Aim of the task → Once the line with "Men's DLX Ski Jacket Vaughn" is reached, output it and every line after it, exactly, through the end of the records below. Pictures are skipped.

Exercise inputs →
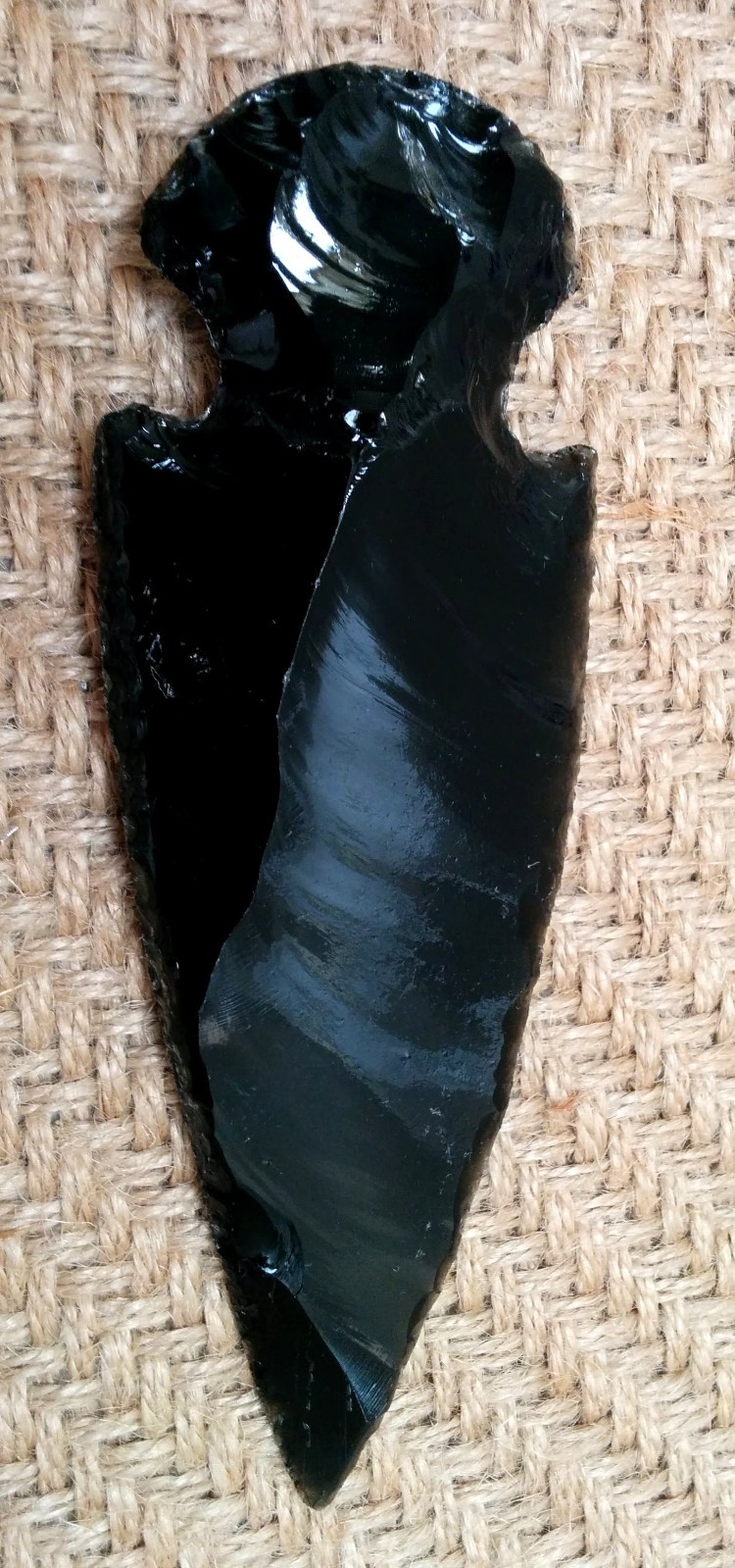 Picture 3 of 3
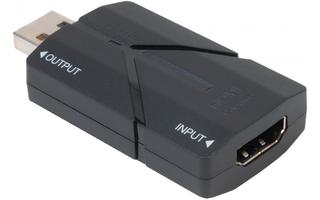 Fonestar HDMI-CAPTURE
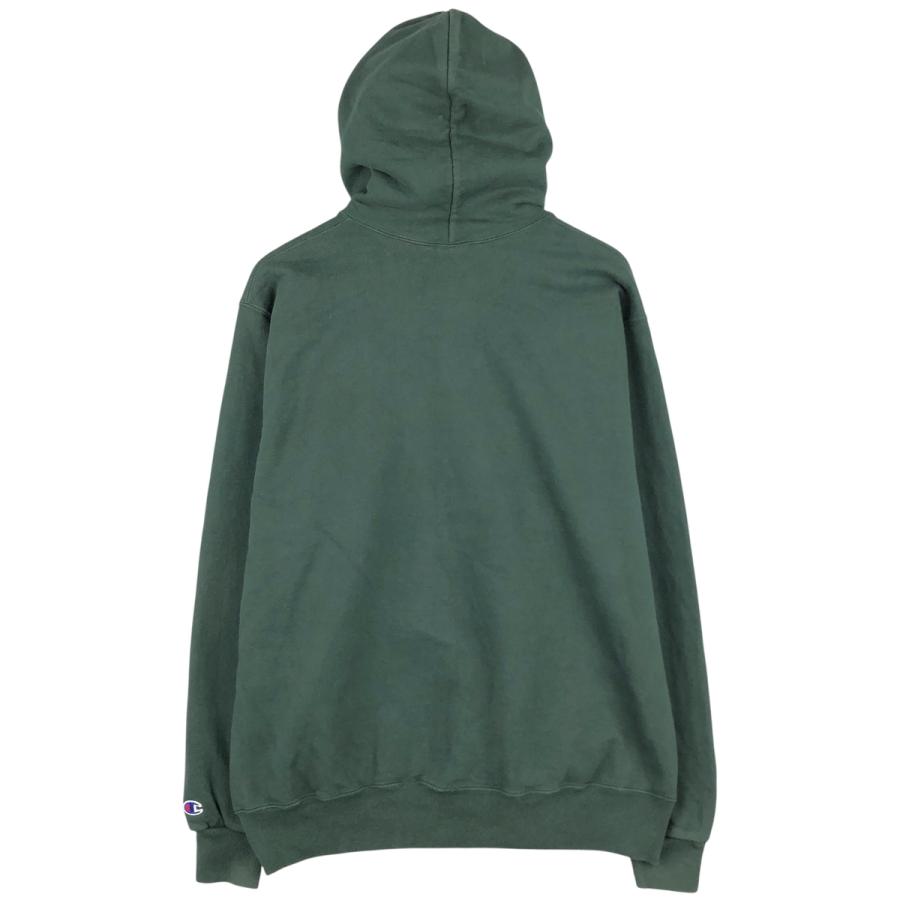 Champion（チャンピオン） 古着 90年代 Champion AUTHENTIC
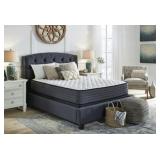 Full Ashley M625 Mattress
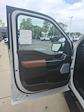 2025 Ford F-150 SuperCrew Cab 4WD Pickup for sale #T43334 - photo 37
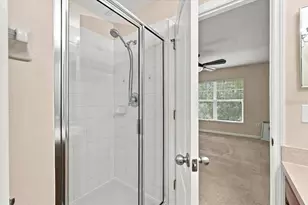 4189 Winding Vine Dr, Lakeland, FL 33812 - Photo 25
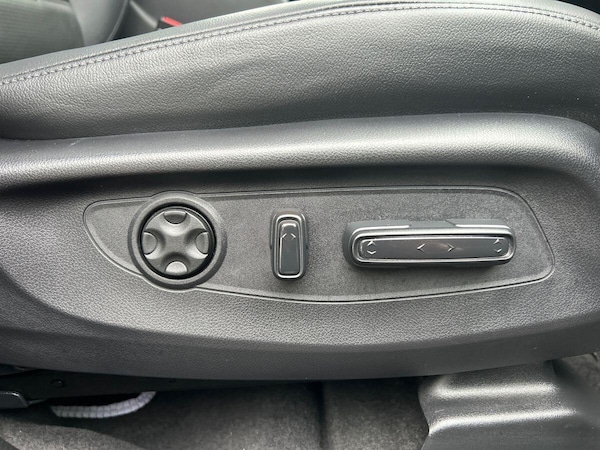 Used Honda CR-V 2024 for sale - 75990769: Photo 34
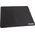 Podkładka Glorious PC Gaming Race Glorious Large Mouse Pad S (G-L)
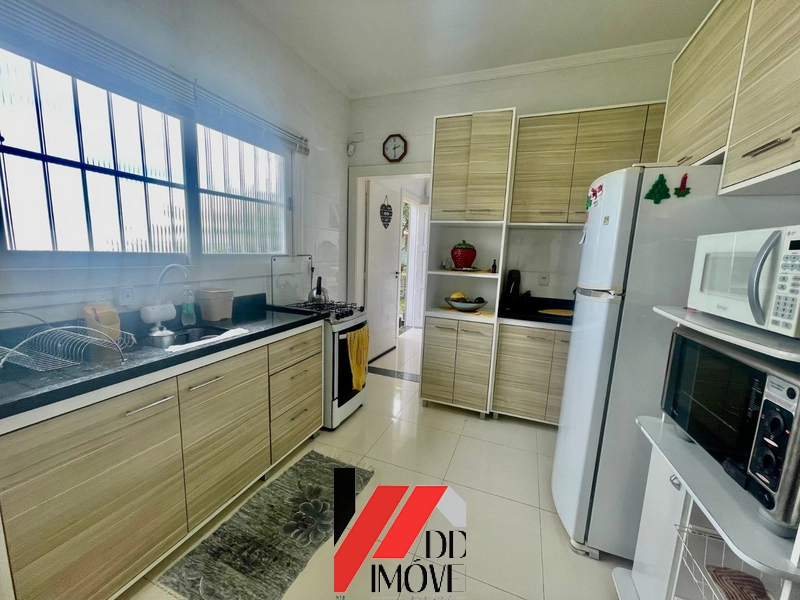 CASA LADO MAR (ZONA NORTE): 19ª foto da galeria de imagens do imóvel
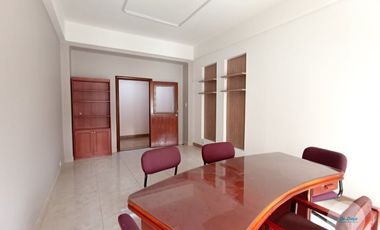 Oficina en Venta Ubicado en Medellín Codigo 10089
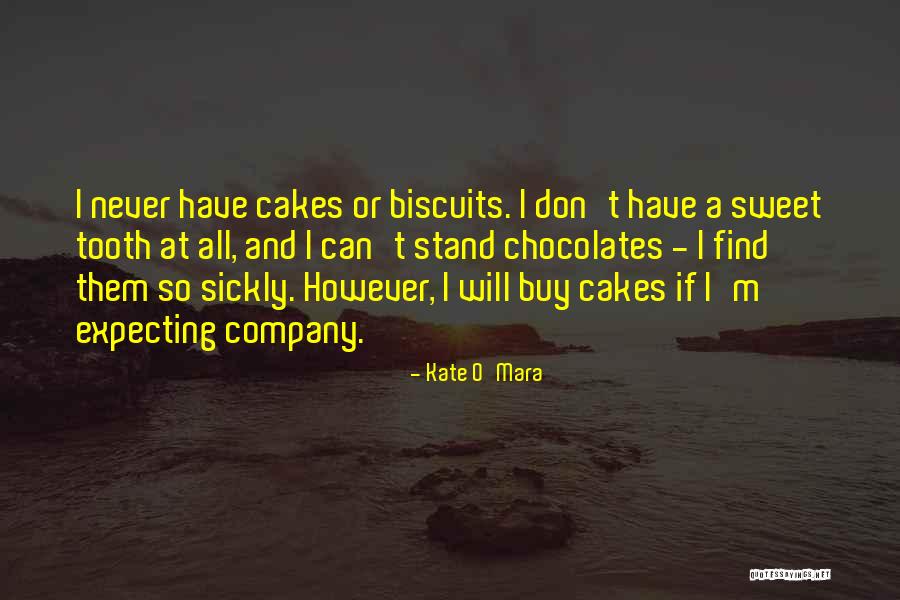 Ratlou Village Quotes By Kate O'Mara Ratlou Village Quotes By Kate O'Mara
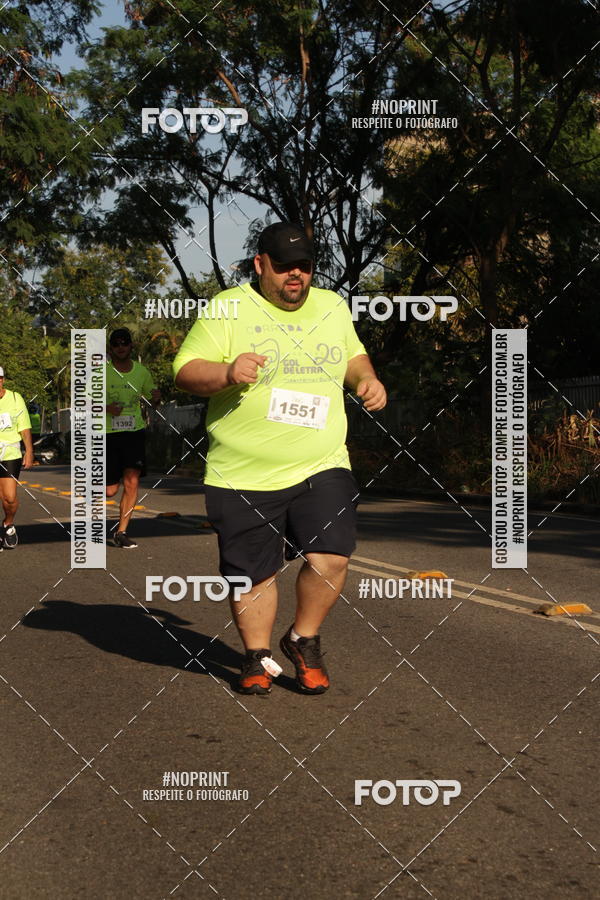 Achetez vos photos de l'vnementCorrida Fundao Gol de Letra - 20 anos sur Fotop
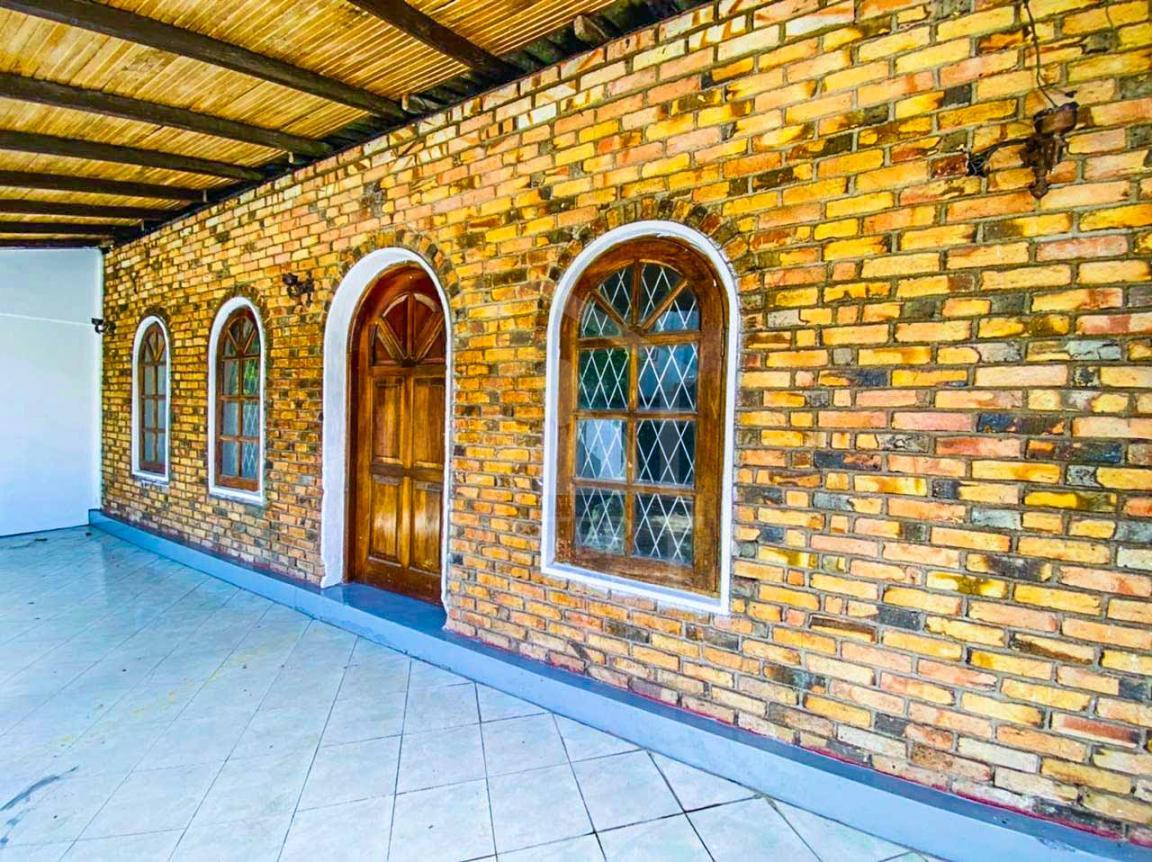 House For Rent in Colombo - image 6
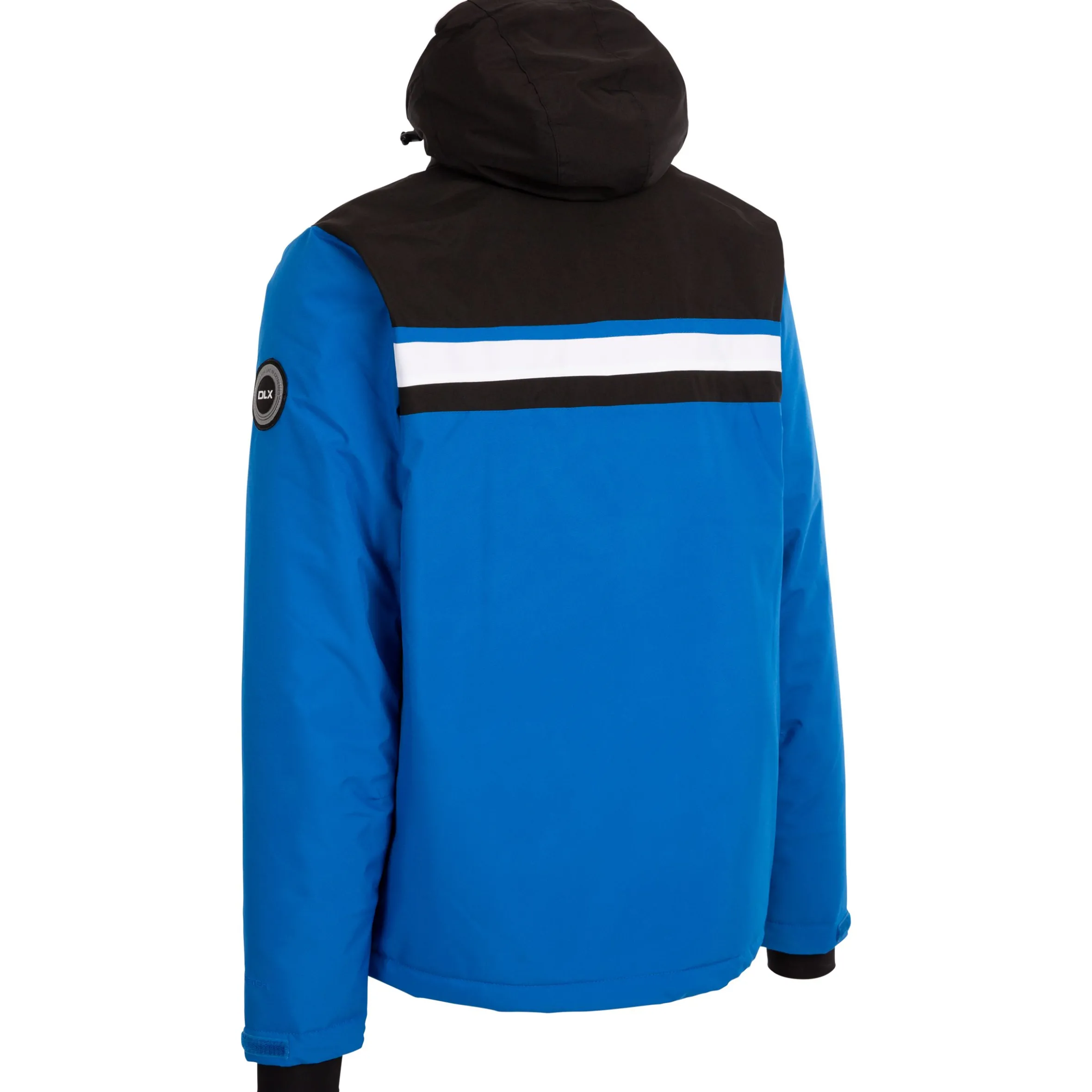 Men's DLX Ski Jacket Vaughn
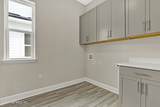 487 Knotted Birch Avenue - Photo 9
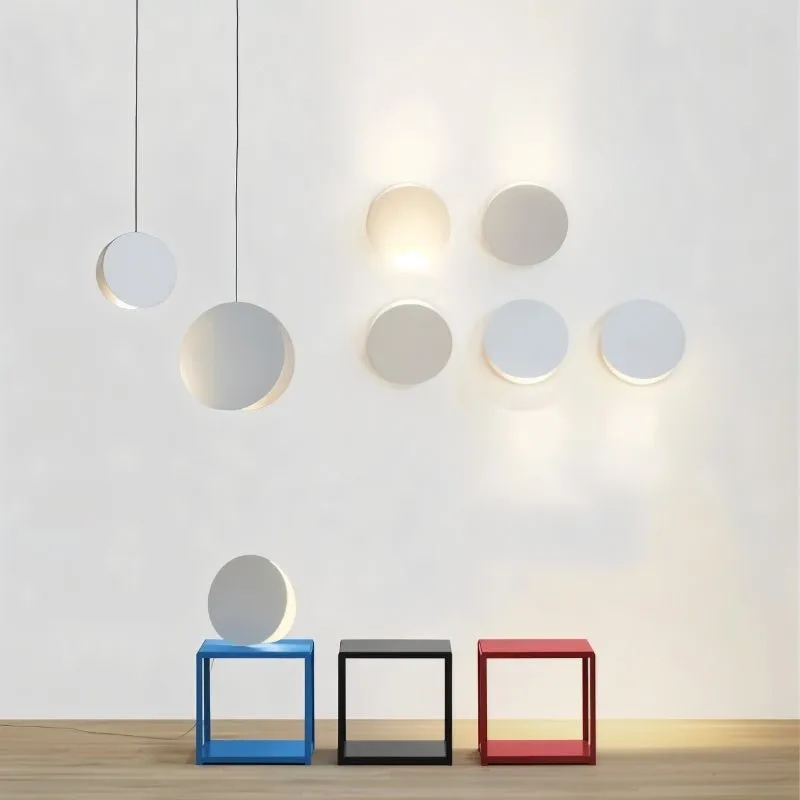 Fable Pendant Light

Exercise solution →
 Men's DLX Ski Jacket Vaughn
 487 Knotted Birch Avenue - Photo 9
 Fable Pendant Light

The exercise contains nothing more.